Task statement: Look in the data below for the line that has "HONDA CBR 650 R - MUNDIMOTO", then print exactly every line from there through the line that has "Dynamic Lighting &", leaving pictures out.

══ Information ══

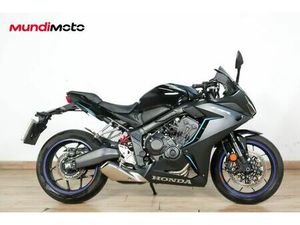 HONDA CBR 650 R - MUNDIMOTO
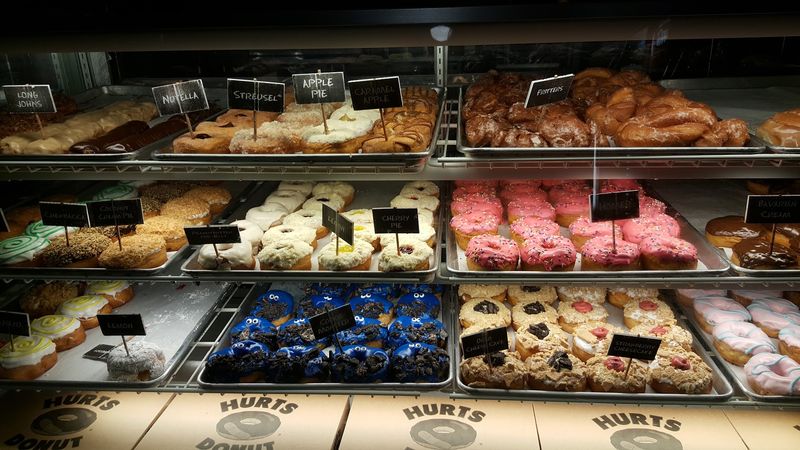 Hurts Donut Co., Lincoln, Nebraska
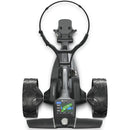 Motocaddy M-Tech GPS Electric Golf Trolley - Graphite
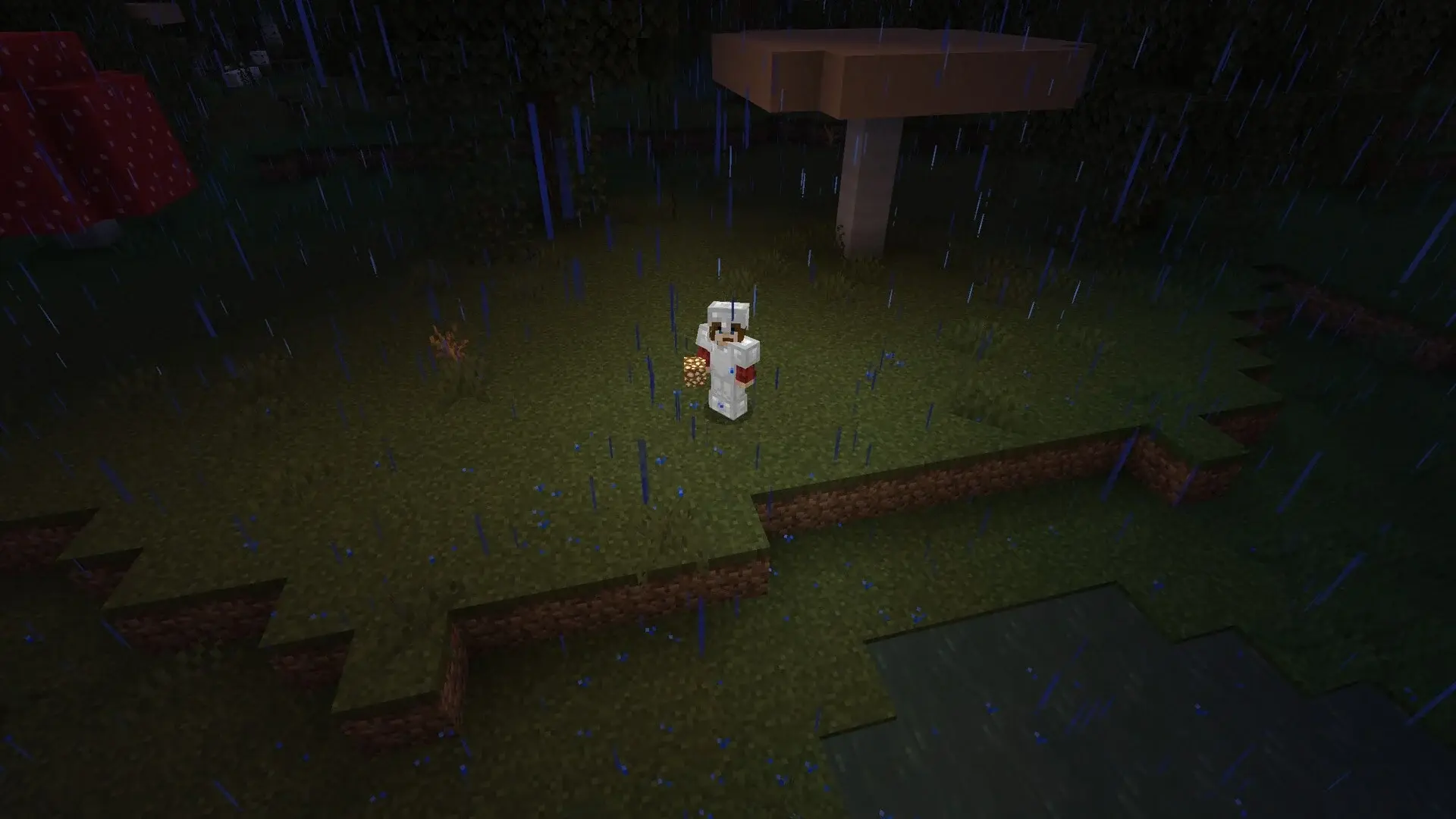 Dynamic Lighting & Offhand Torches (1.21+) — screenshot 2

═══
══ Information ══

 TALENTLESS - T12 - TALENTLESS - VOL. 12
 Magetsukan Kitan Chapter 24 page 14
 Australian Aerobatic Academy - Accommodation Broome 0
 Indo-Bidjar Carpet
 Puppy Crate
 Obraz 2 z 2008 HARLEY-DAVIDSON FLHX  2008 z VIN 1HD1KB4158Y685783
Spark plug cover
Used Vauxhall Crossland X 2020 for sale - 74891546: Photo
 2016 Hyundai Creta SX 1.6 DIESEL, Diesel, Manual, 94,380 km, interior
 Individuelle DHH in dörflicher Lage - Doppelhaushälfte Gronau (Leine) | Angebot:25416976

═══

Solution to this problem:
 HONDA CBR 650 R - MUNDIMOTO
 Hurts Donut Co., Lincoln, Nebraska
 Motocaddy M-Tech GPS Electric Golf Trolley - Graphite
 Dynamic Lighting & Offhand Torches (1.21+) — screenshot 2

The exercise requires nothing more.